What is needed
In the records below, find the line that holds "Diseases of the". Restate it and every later line exactly, stopping at the end and skipping pictures.

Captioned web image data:
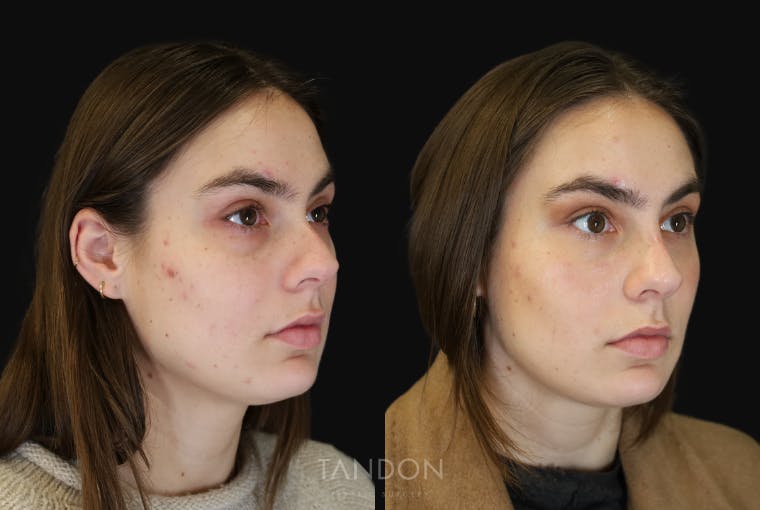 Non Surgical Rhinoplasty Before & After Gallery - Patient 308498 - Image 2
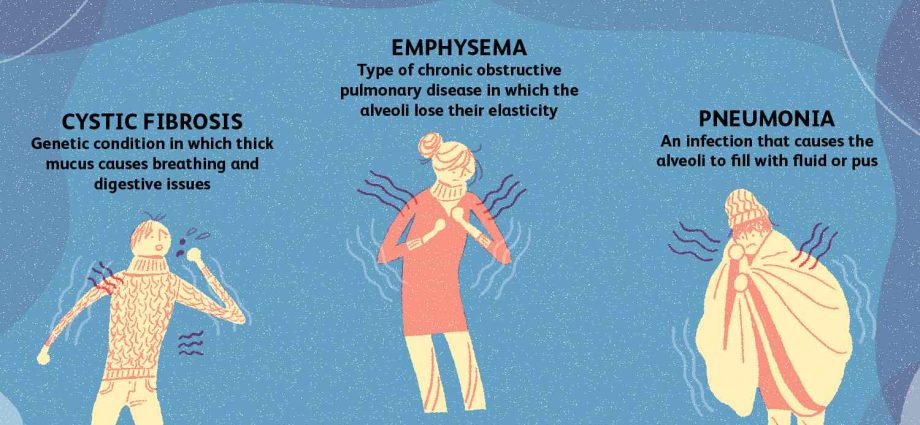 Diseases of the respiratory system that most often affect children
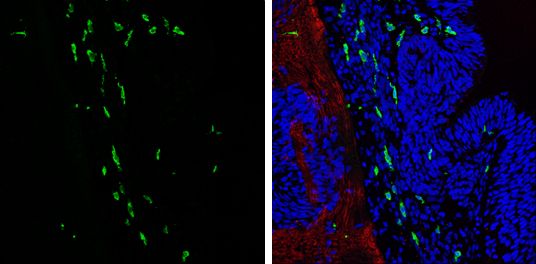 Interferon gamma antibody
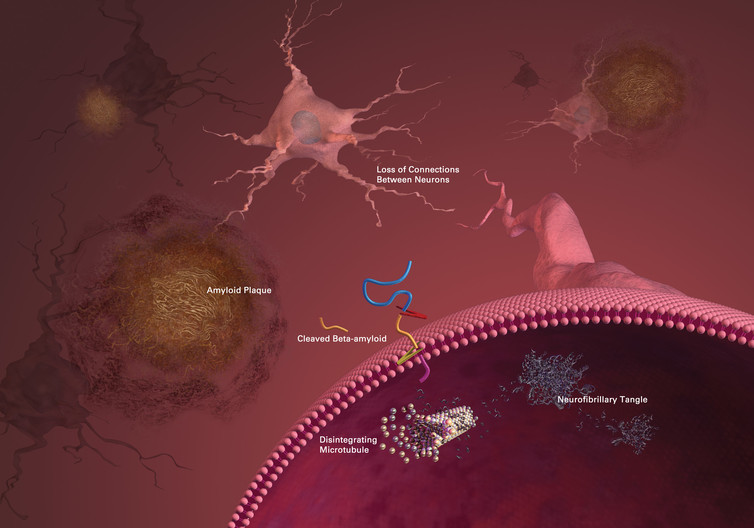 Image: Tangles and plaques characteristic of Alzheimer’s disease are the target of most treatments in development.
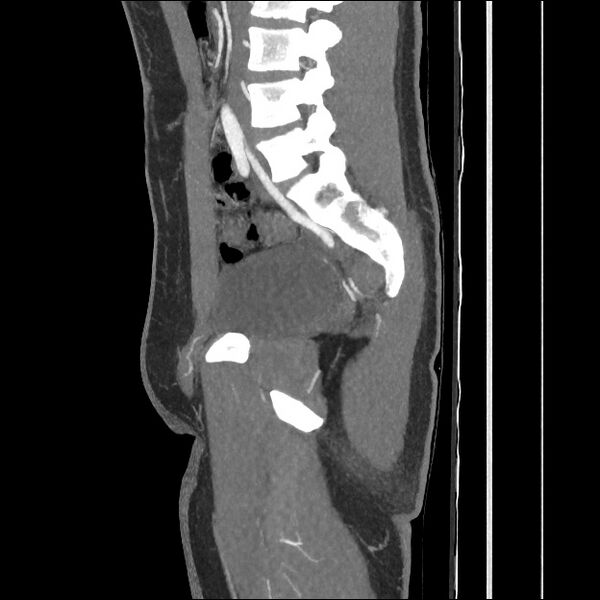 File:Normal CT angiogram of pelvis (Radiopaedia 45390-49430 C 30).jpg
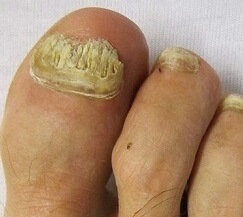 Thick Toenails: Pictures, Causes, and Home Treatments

Task solution
 Diseases of the respiratory system that most often affect children
 Interferon gamma antibody
 Image: Tangles and plaques characteristic of Alzheimer’s disease are the target of most treatments in development.
 File:Normal CT angiogram of pelvis (Radiopaedia 45390-49430 C 30).jpg
 Thick Toenails: Pictures, Causes, and Home Treatments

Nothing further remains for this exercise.